→ **Work task**: The lines from the one containing "Hedeoma pulegioides image" through the last line below, both ends included, must be reproduced exactly, with no pictures.

→ **Provided material**:

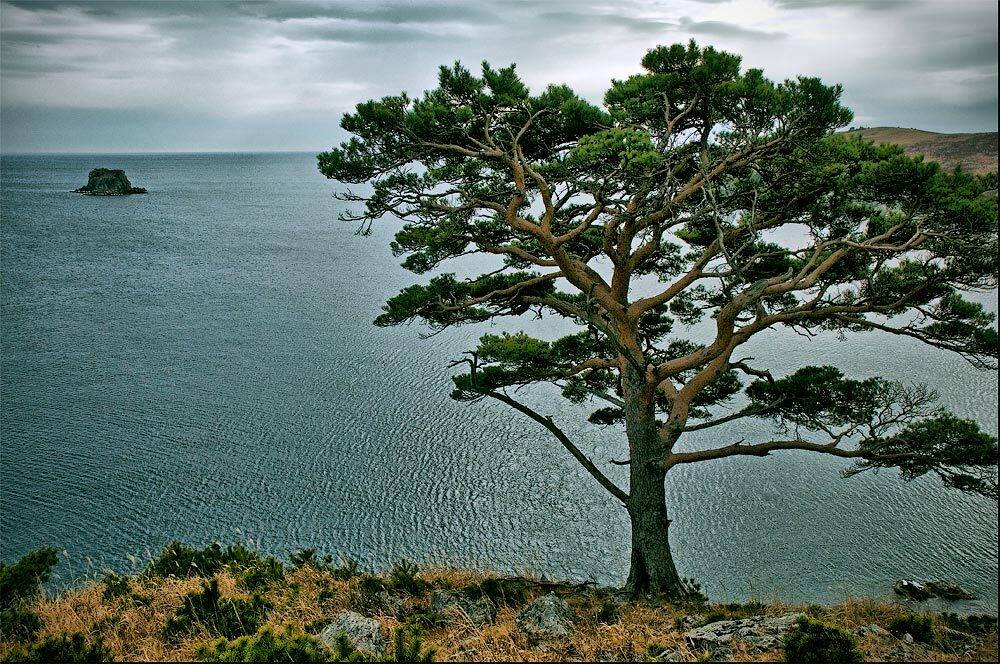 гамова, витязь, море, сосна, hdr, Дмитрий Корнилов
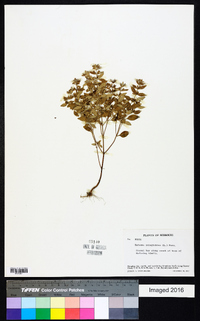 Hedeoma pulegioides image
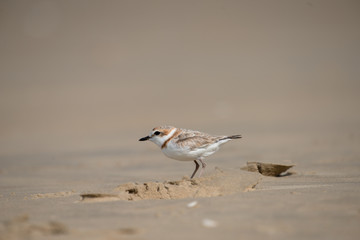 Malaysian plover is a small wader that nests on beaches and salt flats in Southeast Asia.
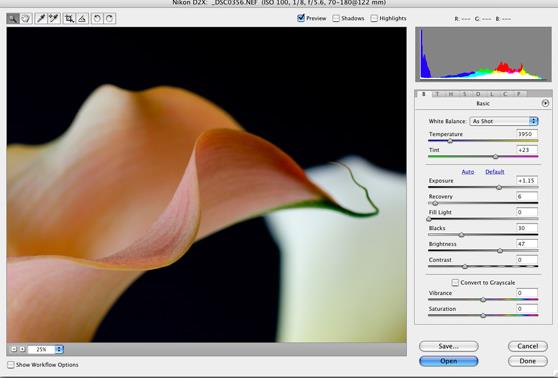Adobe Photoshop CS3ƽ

→ **Output below**:
 Hedeoma pulegioides image
 Malaysian plover is a small wader that nests on beaches and salt flats in Southeast Asia.
Adobe Photoshop CS3ƽ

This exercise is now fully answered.